*** INFORMATION PROVIDED Section Begins ***

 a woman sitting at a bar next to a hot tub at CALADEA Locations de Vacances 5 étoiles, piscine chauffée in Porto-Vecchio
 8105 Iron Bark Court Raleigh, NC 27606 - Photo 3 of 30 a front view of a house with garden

*** INFORMATION PROVIDED Section Ends ***
*** INFORMATION PROVIDED Section Begins ***

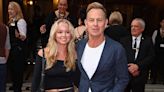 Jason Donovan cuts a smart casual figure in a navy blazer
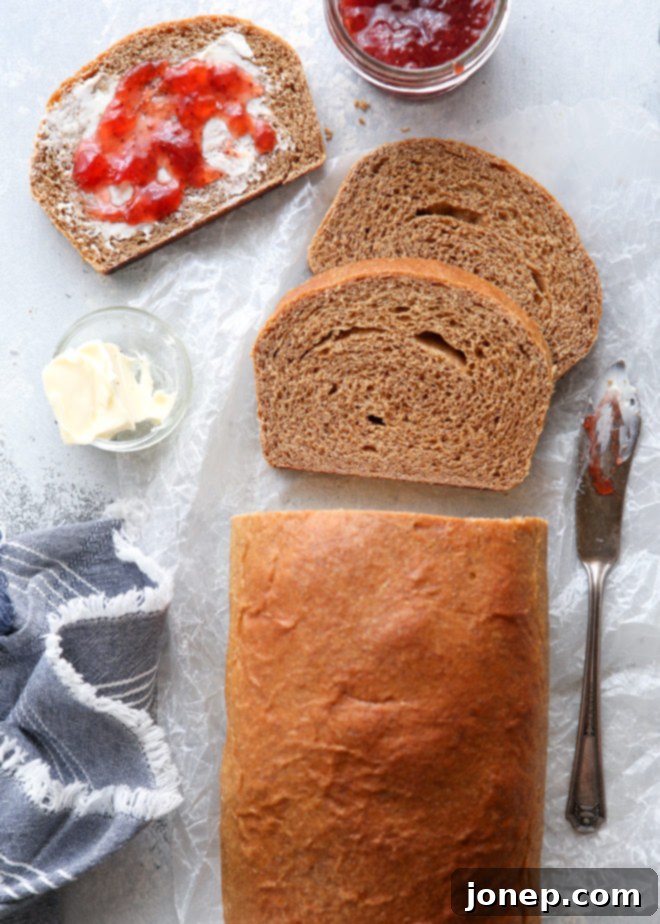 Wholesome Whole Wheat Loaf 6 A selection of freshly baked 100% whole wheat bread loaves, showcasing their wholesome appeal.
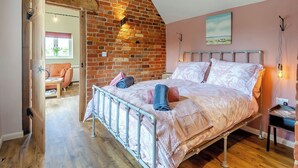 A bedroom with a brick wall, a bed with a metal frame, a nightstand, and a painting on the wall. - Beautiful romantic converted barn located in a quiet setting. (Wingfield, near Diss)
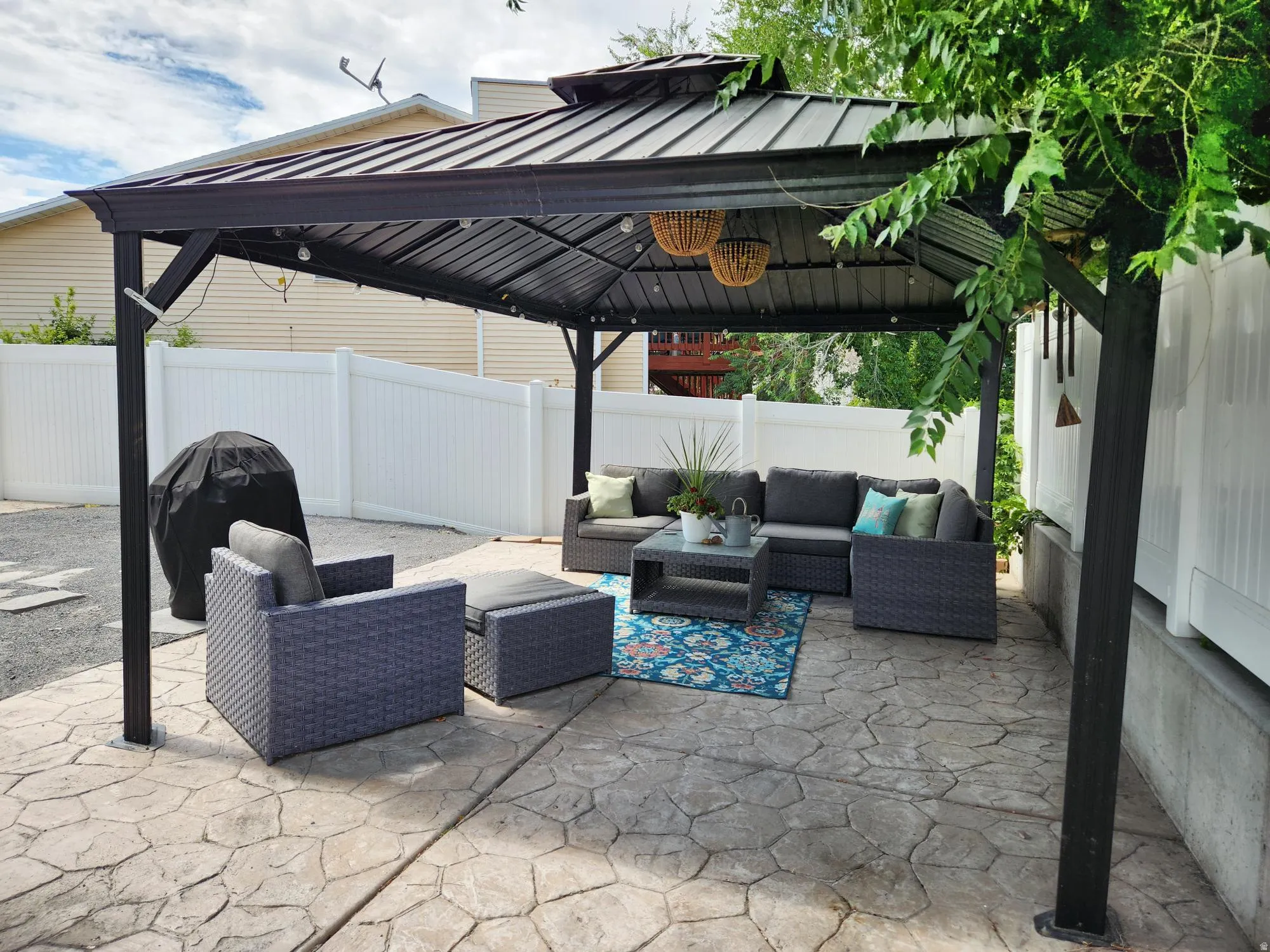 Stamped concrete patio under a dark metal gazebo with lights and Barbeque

*** INFORMATION PROVIDED Section Ends ***
*** INFORMATION PROVIDED Section Begins ***

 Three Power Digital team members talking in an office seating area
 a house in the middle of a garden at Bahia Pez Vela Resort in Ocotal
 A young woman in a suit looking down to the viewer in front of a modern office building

*** INFORMATION PROVIDED Section Ends ***

(DIRECTIONS): In the data above, retype only the stretch from the line with "Wholesome Whole Wheat" through the line with "A bedroom with", word for word, and skip any pictures.

(ANSWER SECTION):
 Wholesome Whole Wheat Loaf 6 A selection of freshly baked 100% whole wheat bread loaves, showcasing their wholesome appeal.
 A bedroom with a brick wall, a bed with a metal frame, a nightstand, and a painting on the wall. - Beautiful romantic converted barn located in a quiet setting. (Wingfield, near Diss)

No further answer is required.